Porter said Predator fills an entire new niche. "[Manned fighters] take off knowing where they're going and what the target is. We don't," he said.
Over Iraq and Afghanistan, however, tactical fighters fly scheduled orbits over contested areas, using sensor pods such as Sniper and Litening and calling on forward air controllers to spot new targets that they immediately attack. This blending of the surveillance and close-air support functions was pioneered by Predator but, with the advent of high-fidelity sensor pods and small precision-guided munitions, has migrated to manned jets.
It's in this arena where today's F-16s and F/A-18s square off against UAVs in a fight over roles and missions of tactical aviation.
The clash reflects narrow thinking, according to one Air Force officer. Col. Christopher Jella is the commander of the 18th Reconnaissance Squadron, the newest Global Hawk unit. From Beale Air Force Base in California, Jella oversees pilots and sensor operators who control 120-foot-wingspan reconnaissance drones that are launched from forward locations in Southwest Asia.
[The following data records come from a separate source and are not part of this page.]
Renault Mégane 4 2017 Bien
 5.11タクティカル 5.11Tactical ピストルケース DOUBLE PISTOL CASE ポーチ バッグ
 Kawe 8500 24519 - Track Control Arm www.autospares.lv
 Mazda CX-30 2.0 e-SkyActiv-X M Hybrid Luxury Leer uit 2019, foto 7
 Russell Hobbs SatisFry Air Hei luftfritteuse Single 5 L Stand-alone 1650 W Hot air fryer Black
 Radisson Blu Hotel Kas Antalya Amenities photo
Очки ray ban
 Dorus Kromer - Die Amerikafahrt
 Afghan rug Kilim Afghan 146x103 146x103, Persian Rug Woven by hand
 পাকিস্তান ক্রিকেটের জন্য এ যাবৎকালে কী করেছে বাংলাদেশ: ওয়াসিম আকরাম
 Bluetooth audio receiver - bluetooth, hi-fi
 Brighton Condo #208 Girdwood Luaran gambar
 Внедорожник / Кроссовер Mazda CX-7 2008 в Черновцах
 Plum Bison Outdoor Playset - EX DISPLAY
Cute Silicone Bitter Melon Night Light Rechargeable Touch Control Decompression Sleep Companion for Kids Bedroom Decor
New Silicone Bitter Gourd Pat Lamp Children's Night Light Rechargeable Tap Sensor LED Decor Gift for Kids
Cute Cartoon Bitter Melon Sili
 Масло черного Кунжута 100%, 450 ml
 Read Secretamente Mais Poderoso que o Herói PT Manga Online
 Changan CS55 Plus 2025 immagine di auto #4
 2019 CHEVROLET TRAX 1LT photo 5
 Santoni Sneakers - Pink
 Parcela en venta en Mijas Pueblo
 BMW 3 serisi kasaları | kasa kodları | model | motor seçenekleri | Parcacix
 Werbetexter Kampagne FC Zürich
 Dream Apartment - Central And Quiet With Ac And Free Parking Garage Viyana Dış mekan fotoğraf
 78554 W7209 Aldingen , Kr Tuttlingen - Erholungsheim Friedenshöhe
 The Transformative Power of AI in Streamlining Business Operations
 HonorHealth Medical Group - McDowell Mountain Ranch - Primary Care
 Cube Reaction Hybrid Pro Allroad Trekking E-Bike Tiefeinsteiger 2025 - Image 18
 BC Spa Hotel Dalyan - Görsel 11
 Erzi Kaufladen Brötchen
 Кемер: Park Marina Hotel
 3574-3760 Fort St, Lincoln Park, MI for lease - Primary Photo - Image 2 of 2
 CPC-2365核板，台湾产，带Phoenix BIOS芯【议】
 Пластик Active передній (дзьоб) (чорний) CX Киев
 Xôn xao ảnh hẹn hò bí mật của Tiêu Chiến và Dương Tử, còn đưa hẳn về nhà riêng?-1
"I think a lot of the mysticism with UAVs comes with the fact that we've lumped them all into this UAV [rubric]," Jella said. "Remember, back in 1920, you had this thing called an 'airplane', and you had the same problem.
"What we now call UAVs represent so many diverse aircraft performing such diverse missions that it's pointless to generalize about them--and pointless to compare them to manned aircraft," Jella said. What's more, he adds, the Air Force should be interested in "effects," not specific hardware.
"Our specific effect is high-altitude intelligence surveillance and reconnaissance. With that in mind, there are no people on board, no cargo--there are cameras. That's the kind of platform we're talking about. But it's an aircraft because we want to operate in the [same] airspace [as manned aircraft]. We want manned aircraft [crews] to feel that they're safe to continue to fly in their airspace. We need to operate right next to them and abide by the same rules."
That the Global Hawk pilot is sitting on the ground rather than in a cockpit makes him no less a pilot, Jella contends. "You have a pilot in the loop," he stresses. "I have a pilot in a ground station physically controlling [Global Hawk]. On a 24-hour flight, we leave it in autonomous mode for just four hours. The other 20 is all manual flight--it's with a keyboard and a mouse, but there's a man in the loop."
In that sense, Jella said, manned aircraft have a lot in common with drones. Pilots directly control all of these aircraft, albeit from a ground station in the drones' cases. Jella contends that the physical location of the pilot is less important than the issues of control and safety--and drones are perhaps better controlled and safer than manned aircraft.
"What'll happen in a manned aircraft, at the moment something [bad] happens ... all of the sudden, the pilot is off the mission and now he's focusing on this new thing. That's where a lot of pilots make their money--when things go wrong. What we have done is go through that thought process long before the aircraft even takes off. And we can staff these things to have two or three people" at the ground control station trying to fix a problem. "A single engine pilot, he makes a mistake, he pays for it. He's all alone."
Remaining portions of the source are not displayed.